Task data:
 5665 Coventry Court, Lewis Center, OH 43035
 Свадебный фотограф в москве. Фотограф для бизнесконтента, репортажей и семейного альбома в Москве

---

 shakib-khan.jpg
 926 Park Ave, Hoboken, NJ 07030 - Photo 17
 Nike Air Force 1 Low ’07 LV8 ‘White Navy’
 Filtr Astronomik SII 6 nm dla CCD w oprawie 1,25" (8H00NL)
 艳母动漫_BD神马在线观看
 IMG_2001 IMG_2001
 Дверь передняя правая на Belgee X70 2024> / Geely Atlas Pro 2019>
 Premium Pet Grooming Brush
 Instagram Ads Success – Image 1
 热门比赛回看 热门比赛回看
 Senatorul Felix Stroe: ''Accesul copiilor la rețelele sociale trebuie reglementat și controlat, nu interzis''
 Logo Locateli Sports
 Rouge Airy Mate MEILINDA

What the exercise asks: When the line with "Nike Air Force 1 Low ’07 LV8 ‘White Navy’" is reached in the data above, start copying there, and copy each line exactly until the line with "Rouge Airy Mate MEILINDA" has been copied; copy nothing else.

Answer to this task:
 Nike Air Force 1 Low ’07 LV8 ‘White Navy’
 Filtr Astronomik SII 6 nm dla CCD w oprawie 1,25" (8H00NL)
 艳母动漫_BD神马在线观看
 IMG_2001 IMG_2001
 Дверь передняя правая на Belgee X70 2024> / Geely Atlas Pro 2019>
 Premium Pet Grooming Brush
 Instagram Ads Success – Image 1
 热门比赛回看 热门比赛回看
 Senatorul Felix Stroe: ''Accesul copiilor la rețelele sociale trebuie reglementat și controlat, nu interzis''
 Logo Locateli Sports
 Rouge Airy Mate MEILINDA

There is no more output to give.